Supplied records:
Content starts

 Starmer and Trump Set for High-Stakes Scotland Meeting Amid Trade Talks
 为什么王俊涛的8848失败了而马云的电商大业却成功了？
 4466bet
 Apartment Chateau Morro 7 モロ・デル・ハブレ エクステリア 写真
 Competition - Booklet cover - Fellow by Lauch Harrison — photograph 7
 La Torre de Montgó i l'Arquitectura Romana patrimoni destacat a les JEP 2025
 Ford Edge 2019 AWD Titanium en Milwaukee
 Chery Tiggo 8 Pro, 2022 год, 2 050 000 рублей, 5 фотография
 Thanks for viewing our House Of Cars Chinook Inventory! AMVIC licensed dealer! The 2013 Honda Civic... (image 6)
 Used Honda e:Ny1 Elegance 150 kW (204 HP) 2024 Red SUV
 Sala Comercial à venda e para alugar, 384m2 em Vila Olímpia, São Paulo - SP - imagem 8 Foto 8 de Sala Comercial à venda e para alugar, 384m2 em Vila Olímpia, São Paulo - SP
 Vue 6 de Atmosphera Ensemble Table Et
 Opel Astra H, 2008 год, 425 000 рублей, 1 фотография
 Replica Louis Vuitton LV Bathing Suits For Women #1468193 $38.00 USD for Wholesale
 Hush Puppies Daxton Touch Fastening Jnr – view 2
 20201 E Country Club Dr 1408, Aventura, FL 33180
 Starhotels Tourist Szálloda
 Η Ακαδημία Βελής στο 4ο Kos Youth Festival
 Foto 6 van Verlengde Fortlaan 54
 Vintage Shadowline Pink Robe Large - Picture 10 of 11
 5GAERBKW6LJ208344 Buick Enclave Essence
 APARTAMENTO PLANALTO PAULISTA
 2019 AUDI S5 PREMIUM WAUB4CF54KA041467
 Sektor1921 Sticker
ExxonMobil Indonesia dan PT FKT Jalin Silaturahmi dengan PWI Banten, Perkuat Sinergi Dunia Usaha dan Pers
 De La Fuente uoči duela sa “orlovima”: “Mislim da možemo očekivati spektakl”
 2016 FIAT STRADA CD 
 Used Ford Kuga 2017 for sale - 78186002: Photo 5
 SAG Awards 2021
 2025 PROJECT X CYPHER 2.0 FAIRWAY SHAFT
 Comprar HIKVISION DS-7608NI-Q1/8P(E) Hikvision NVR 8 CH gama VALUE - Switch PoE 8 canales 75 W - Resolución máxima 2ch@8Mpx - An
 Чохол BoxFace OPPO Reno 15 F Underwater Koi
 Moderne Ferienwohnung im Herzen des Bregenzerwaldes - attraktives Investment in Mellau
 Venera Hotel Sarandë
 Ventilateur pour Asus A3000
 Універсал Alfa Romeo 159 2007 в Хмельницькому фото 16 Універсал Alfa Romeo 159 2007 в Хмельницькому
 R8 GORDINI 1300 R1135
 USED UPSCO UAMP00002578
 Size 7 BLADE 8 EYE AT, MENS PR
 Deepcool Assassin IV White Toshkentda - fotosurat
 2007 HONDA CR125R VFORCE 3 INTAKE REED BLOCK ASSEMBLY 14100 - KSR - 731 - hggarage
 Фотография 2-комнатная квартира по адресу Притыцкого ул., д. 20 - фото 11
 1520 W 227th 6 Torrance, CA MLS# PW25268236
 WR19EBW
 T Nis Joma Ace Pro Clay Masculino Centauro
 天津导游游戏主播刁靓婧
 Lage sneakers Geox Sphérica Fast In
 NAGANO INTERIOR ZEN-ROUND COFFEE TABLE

Content ends

Problem statement: Every line of the data above that includes "Ford" should be listed.

Exercise result:
 Ford Edge 2019 AWD Titanium en Milwaukee
 Used Ford Kuga 2017 for sale - 78186002: Photo 5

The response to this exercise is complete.